Untuk mengatasi hal ini, PT Krakatau Steel (Persero) Tbk terus menjalankan program
restrukturisasi agar kinerja Krakatau Steel dapat kembali optimal dan membukukan keuntungan. Restrukturisasi perusahaan yang dijalankan meliputi restrukturisasi hutang dan transformasi bisnis.
Restrukturisasi ini bertujuan agar Krakatau Steel lebih efisien dan kompetitif di tengah persaingan industri baja global. Hal ini juga merupakan bentuk komitmen Perseroan kepada pemegang saham dan pihak stakeholder lainnya.
Langkah-langkah yang dilakukan adalah optimalisasi aset-aset non core agar lebih berdaya guna, mencari mitra bisnis strategis, spin off atau pelepasan unit kerja yang semula bersifat cost center dan hanya melayani induk perusahaan (KS), menjadi bagian dari pengembangan bisnis anak perusahaansehingga bersifat profit center, dan perampingan organisasi.

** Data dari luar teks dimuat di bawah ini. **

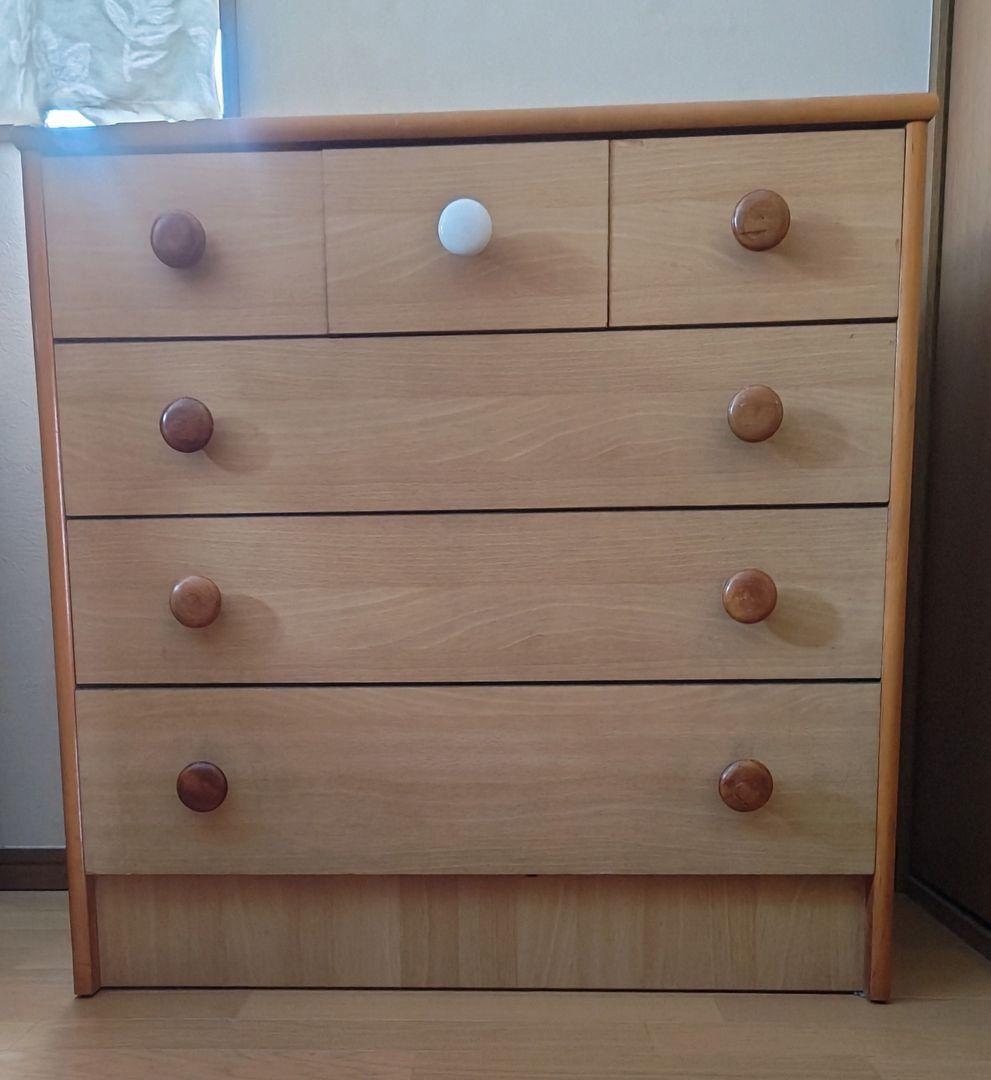 【Nuu】木製5段チェスト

Langkah operasi lain yang tengah dilakukan adalah memperbaiki pola penjualan produk sehingga diharapkan akan menaikan volume penjualan serta memperbaiki pola konsumsi energi dan peningkatan yield produksi di pabrik Hot Strip Mill untuk menekan biaya produksi, pungkas Silmy.
Kinerja PT Krakatau Steel (Persero) Tbk belum terlalu membanggakan hingga Semester I 2019. Hal ini dibuktikan dari pendapatan perusahaan yang mengalami penurunan jika daibandingkan periode yang sama tahun lalu (YoY). Pendapatan Perseroan turun sebesar 17,82 persen menjadi USD702,05 juta dibanding periode yang sama tahun lalu. Selain itu, kondisi yang menantang ini juga menggerus laba kotor Perseroan sebesar 76,11 persen atau menjadi USD 23,98 juta YoY.
Sepanjang Semester I 2019, Perseroan berhasil meningkatkan penjualan untuk produk HRC (Hot Rolled Coil) dan Pipa baja dari periode yang sama tahun sebelumnya masing-masing 5,52 persen dan 18,63 persen menjadi 608.493 ton dan 46.949 ton. Namun demikian, total keseluruhan penjualan menurun 16,78 persen menjadi 870.995 ton untuk periode yang sama dengan tahun 2018. Hal ini disebabkan oleh menurunnya penjualan pada produk baja lainnya seperti Cold Rolled Steel, Wire Rod, Bars & Section yang masing-masing mengalami penurunan sebesar 47,44 persen, 77,62 persen, 39,44 persen, 44,82 persen.
Penurunan penjualan terbesar terjadi pada produk wire rod menjadi 12.279 ton dari yang sebelumnya 54.858 ton di semester 1 tahun lalu. Maraknya baja impor dengan praktik unfair trade menjadi salah satu penyebab utama tidak terserapnya produk baja untuk infrastruktur tersebut kata Corporate Secretary Krakatau SteelPria Utama dalam keterangannya, Sabtu (3/8/2019).
Sementara untuk kinerja anak usaha, penyedia jasa di bidang kepelabuhanan, air industri, dan energi serta kawasan industri dan properti memiliki capaian kinerja yang cukup baik. Khusus untuk PT Krakatau Bandar Samudera, anak usaha di bidang kepelabuhanan mencatatkan peningkatan laba sebesar 17,99 persen menjadi sebesar USD7.888 ribu dari yang sebelumnya USD6.685 ribu pada periode yang sama tahun lalu. Sementara untuk PT Krakatau Tirta Industri, PT Krakatau Daya Listrik, dan PT Krakatau Industrial Estate Cilegon juga membukukan laba masing-masing sebesar USD5.149 ribu, USD1.863 ribu, dan USD371 ribu.
PT Krakatau Bandar Samudera sebagai operator Pelabuhan Cigading di Cilegon, Banten telah menyelesaikan dua dermaga baru yaitu dermaga 7.1 dan 7.2 dengan kapasitas 3,5 juta ton, sehingga total kapasitas bongkar muat Pelabuhan Cigading menjadi 25 juta ton per tahun. Hal tersebut menjadikan Pelabuhan Cigading sebagai pelabuhan curah kering terbesar di Indonesia Saat ini KTI mampu menyuplai kebutuhan air industri sebesar 2400 liter per second (lps).